7. Have a blog-off instead of the traditional picnic. Aren’t you just a little bored with soggy potato salad and melted jello molds? Forget all that and have your blogger buddies meet up with you at the local park. Elect a moderator to throw out topics and race to see who can blog it the fastest and the bestest. Winners, must drink a frozen margarita after each round – drunk blog offs start at sunset. Charge the laptop batteries before leaving for the park. An extra set of clean clothes recommended.

8. Find creative ways to get new readers. How will you find new readers if you constantly sit home alone, blogging? They don’t grow on trees and they aren’t hiding under your sofa. Get out in the world. Take  your laptop with you wherever you go. Like the grocery store. When you spot someone having a shopping dilemma, offer to let them read your latest post. Note how many times they nod in agreement and laugh. Then move onto the produce department. In the library, offer to let someone use your laptop for five minutes if they read your last post and comment on it. You can do this virtually anywhere, bus stops, taxi cabs, airports, coffee shops, the list is endless. Being proficient in self-defense, recommended.

9. Teach your dog how to type so they can guest blog.
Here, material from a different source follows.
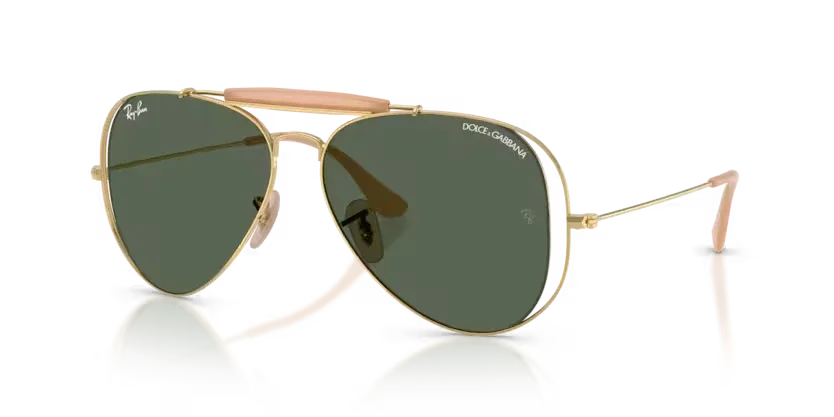 Ray-Ban Dolce Gabbana | RB3029M | Arista with Dark Green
Sometimes you just need to get away from the keyboard. You need a break but you’re worried about your stats. Buy an elementary typing software program, install it and teach your dog or cat how to use it -, doggie biscuits and kitty treats are great motivators. You may want to use plastic laptop slipcover to prevent permanent drooling stains.
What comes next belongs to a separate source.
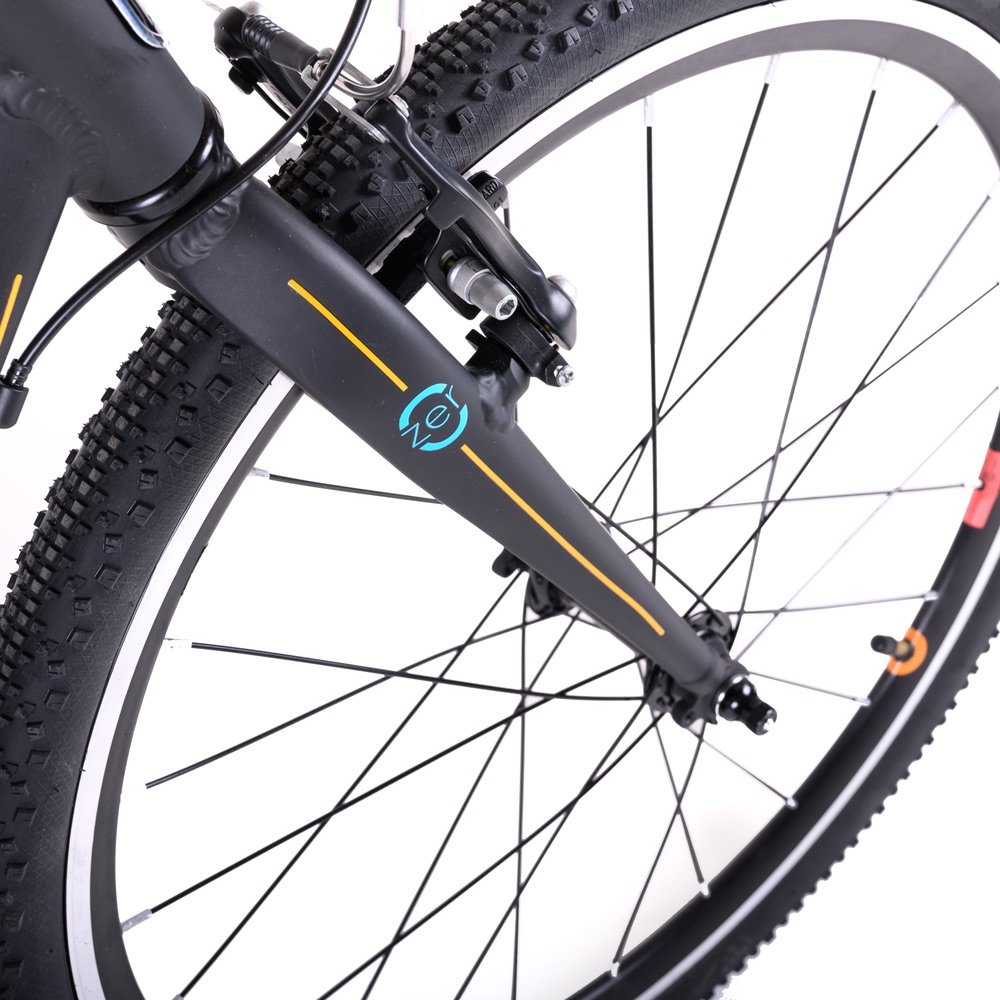 Ülikerge laste jalgratas Beany Zero 24, 8-12a, 24 tolli (must) - Image 2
10. Start a blog-cast. Face it, in the summer whatever they throw on television is crap or reruns of crap. People are bored. So why not offer to webcam your neighbors and friends while they are drunk and making asses of themselves? You can set it up on an endless loop and entertain thousands for days. Meanwhile, you can sit on the patio with a Guinnes and a cigar. Signed release and waiver forms recommended.

Okay, those are my ideas, what are yours?


20 thoughts on “The Blogger’s List of Summer Fun

  1. Look for a post from my bengal, Guinness in the not too distant future.
    I loved #8. That might even work . . . especially in produce. People always seem so damn contemplative when they study the cucumbers, don’t they?
    As far as my “50 things” post goes, I realized soon after hitting “publish” that it really sucked the big one and I’ve since deleted it.
    Hey, we all blunder now and then.
    Some of us more than others, I guess 😉

    Hey Mikey,
    Yeah the produce department is positively inspiring. 😉

    I dunno if the post sucked the big one. It’s not your fault that Time Magazine has no imagination. Besides, it inspired me to think of my own list, so I guess it ain’t all bad. No blunder. No worries.


  2. Oh, yeah.
    Love that pic.
    Nice thighs. All eight of them . . .

    Well me and my thighs thank you. 😆 Okay, it’s not really a picture of me, but it coulda been. 😉


  3. This list was so good, I can’t think of anything to add. Put me on that list for the blog-off. Margaritas – I’m so there. I’m taking my laptop on my vacation next week because you never know what kind of blog-worthy bizarro crap will happen. BTW, I am NOT taking The Shirt with me.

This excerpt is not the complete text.